DATASET EXTRACT —
*****
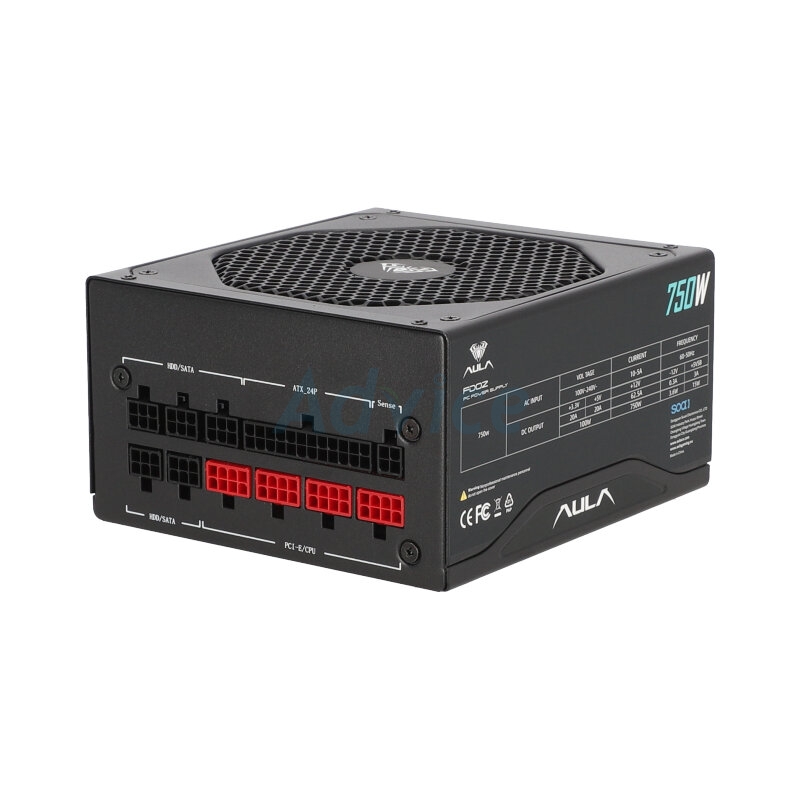 PSU (80+ GOLD) 750W AULA FD02 Advice จ.จันทบุรี สาขา A001 (ใกล้ศูนย์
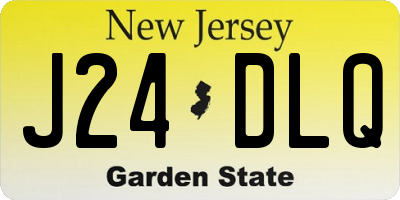 NJ license plate J24DLQ
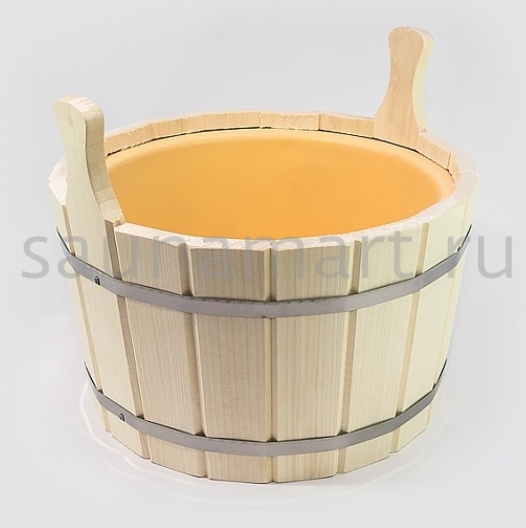 Шайка двухручная 8 л. с пласт. вставкой ПЛ-12 Шайка двухручная 8 л. с пласт. вставкой ПЛ-12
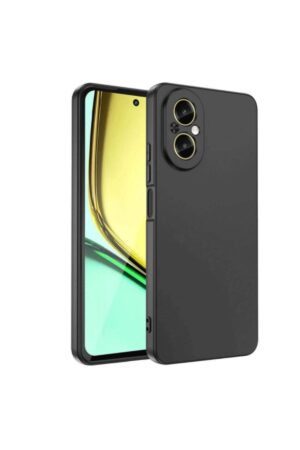 Realme 12 Lite Kılıf First Silikon - Siyah-(5796)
*****
WHAT TO PRODUCE —
Could the material above be given again exactly, pictures excluded?

TASK ANSWER —
 PSU (80+ GOLD) 750W AULA FD02 Advice จ.จันทบุรี สาขา A001 (ใกล้ศูนย์
 NJ license plate J24DLQ
 Шайка двухручная 8 л. с пласт. вставкой ПЛ-12 Шайка двухручная 8 л. с пласт. вставкой ПЛ-12
 Realme 12 Lite Kılıf First Silikon - Siyah-(5796)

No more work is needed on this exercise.